Fra le frasi di Barth e
quelle di Laras non mi pare che ci sia una differenza di sostanza, ma al
massimo di accentuazione (e tali accentuazioni dipendono forse anche dai
periodi storici ben diversi in cui sono state pensate ed espresse: i primi anni
Sessanta e i giorni d’oggi). Anche e soprattutto la Bibbia ebraica conosce
infatti questa somma sproporzione fra giustizia e misericordia. La conosce e la
esprime nella Torah, a cominciare dalle tavole della Legge date a Mosè sul
Sinai, le dieci parole di Dio, i dieci comandamenti dei catechismi cristiani: “Non
avere altri dèi oltre a me. Non farti scultura, né immagine alcuna delle cose
che sono lassù nel cielo o quaggiù sulla terra o nelle acque sotto la terra. Non ti prostrare davanti a loro e non li
servire, perché io, il SIGNORE, il tuo Dio, sono un Dio geloso; punisco
l'iniquità dei padri sui figli fino alla
terza e alla quarta generazione di quelli che mi odiano, e uso bontà, fino alla millesima generazione, verso
quelli che mi amano e osservano i miei comandamenti”. Il giudizio di Dio è fino
alla terza e quarta generazione, la sua misericordia fino alla millesima. I
numeri, che nella Bibbia ebraica hanno spesso una forte valenza simbolica,
vogliono qui esprimere proprio quel “sommo squilibrio” di cui parlava Barth.
La Bibbia ebraica
conosce ed esprime la somma sproporzione fra giudizio e misericordia anche nei
Profeti – come è ovvio visto che i profeti richiamano il popolo all’osservanza
della Torah - ove si mostra
ripetutamente come il giudizio nei confronti di Israele, per quanto
severissimo, sia sempre in funzione della salvezza e della benedizione e quindi
della misericordia.
Analogamente, nel Nuovo
Testamento, la parola d’amore di Dio presuppone sempre la parola di giudizio,
sebbene la sopravanzi grandemente, e questo sia nella predicazione dello stesso
Gesù, sia soprattutto nell’azione che Dio compie su, in e con Gesù stesso, a
favore degli uomini, fino al momento culminante della croce e della
resurrezione.
Le parole di rav Laras,
devono quindi essere considerate, a mio modestissimo avviso, non solo un “punto
di vista ebraico” sul giubileo della misericordia e sul rapporto
giustizia/misericordia, ma un punto di vista semplicemente e autenticamente
biblico, che interpella i cristiani non solo in quanto affratellati agli ebrei,
ma anche in quanto cristiani. Le parole di rav Laras hanno forse il merito di
ricordarci che la giusta accentuazione della misericordia e dell’amore di Dio
non può portarci a reprimere ogni istanza critica, né a dimenticare o a
rimuovere la realtà del peccato. Laras chiarisce, infatti, che per giustizia
non si deve intendere solo “condanna”, ma anche capacità di dare un giudizio. Non
è biblico, e dunque non è nemmeno cristiano, confondere giustizia come condanna
e giustizia come capacità di dare un giudizio e attaccare, come spesso
fanno i santoni del politically correct purtroppo
presenti anche nel mondo cristiano, chiunque formuli un giudizio critico su
determinati temi, facendolo passare per uno che emette sentenze di condanna.
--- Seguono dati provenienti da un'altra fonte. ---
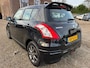 Suzuki Swift 1.2 Comfort EASSS Airco Navigatie Nette Auto Nieuwe Apk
Inoltre, rav Laras ci ricorda che “non si può, insomma, semplicemente amare con
pietà senza dire all’altro se sbaglia o se ha peccato”, interpellandoci così su
un altro grave rischio che corriamo, un’altra possibile e catastrofica
infedeltà alla Bibbia: trasformare l’annuncio della giustificazione del
peccatore in un annuncio di giustificazione del peccato.